** THE DATA follows **
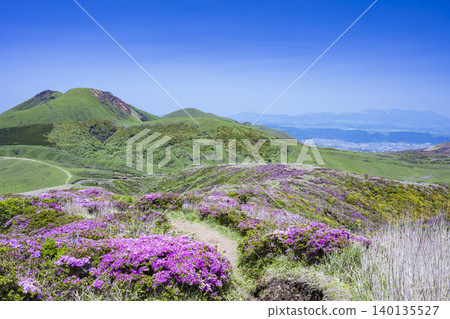 Mount Eboshi where Rhododendron kiusianum blooms. Mount Eboshi where Rhododendron kiusianum blooms. 140135527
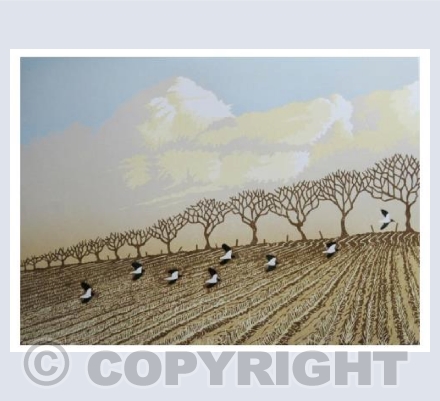 Winter Lapwings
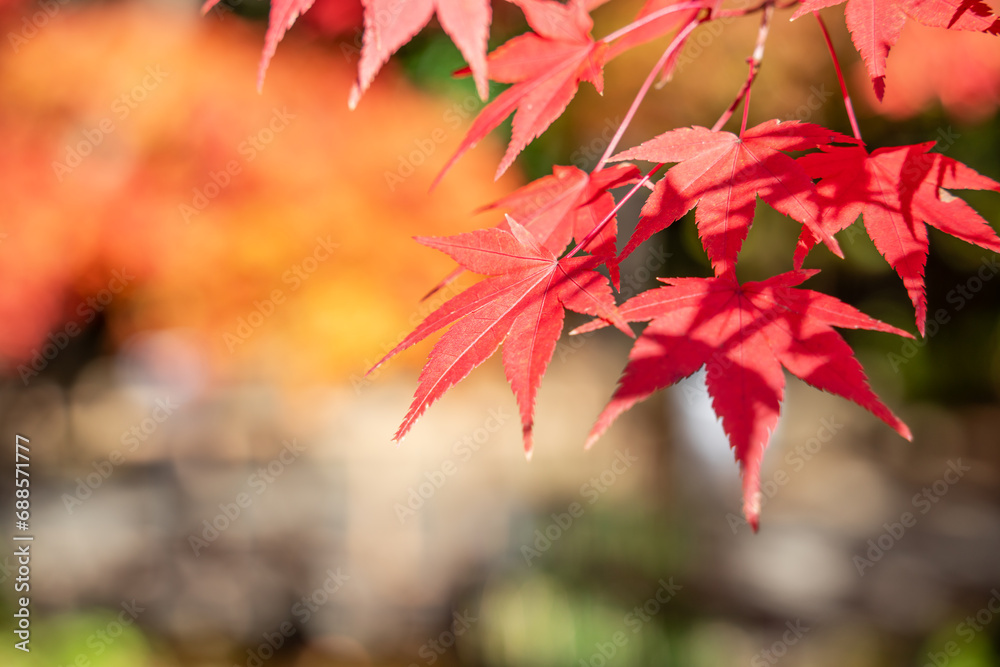 Beautiful maple leaves on the tree in autumn season. Beautiful maple leaves on the tree in autumn season.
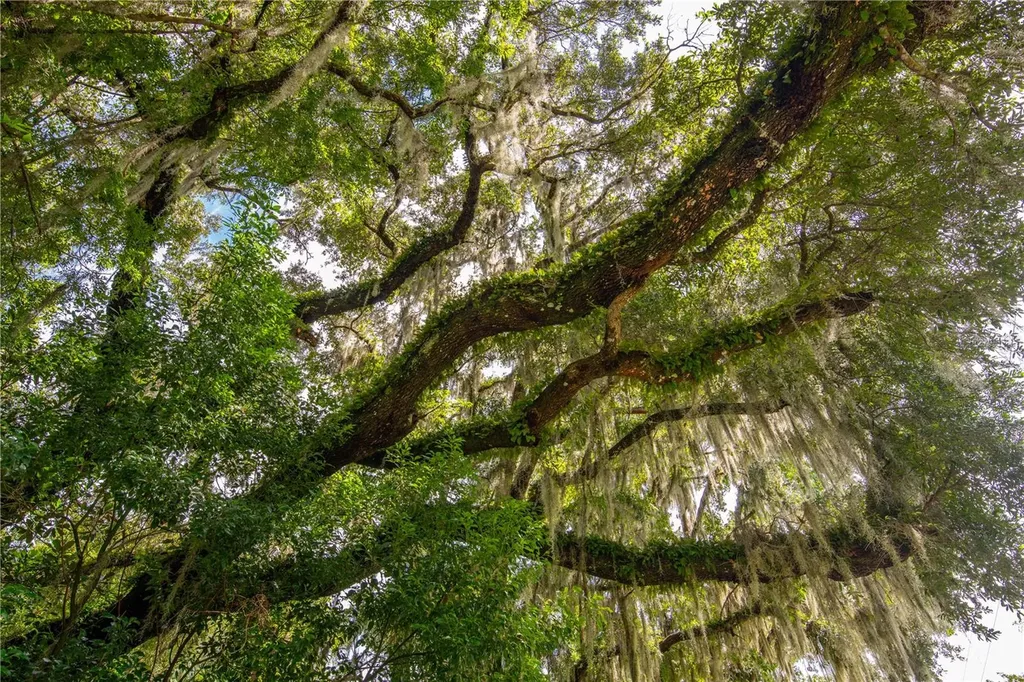 Whitman Road Brooksville FL 34601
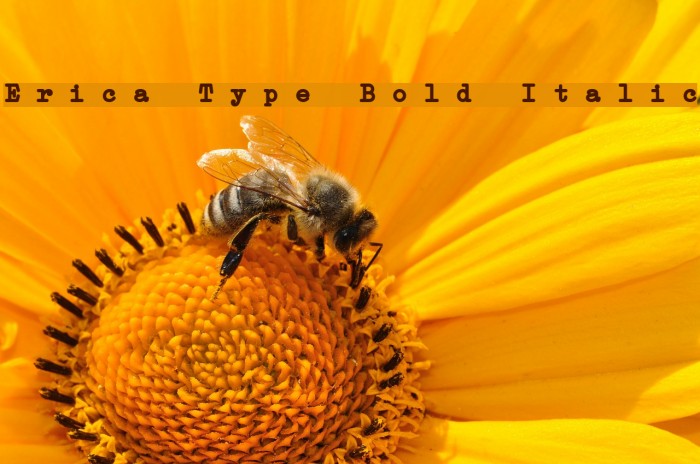 Erica Type Bold Italic Example 1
** End of THE DATA **
§ **PROBLEM REQUIREMENTS**:
Pictures do not go in the copy. Write out exactly the lines from the line containing "Whitman Road Brooksville FL 34601" through the last line of the listing.

§ **RESULT BELOW**:
 Whitman Road Brooksville FL 34601
 Erica Type Bold Italic Example 1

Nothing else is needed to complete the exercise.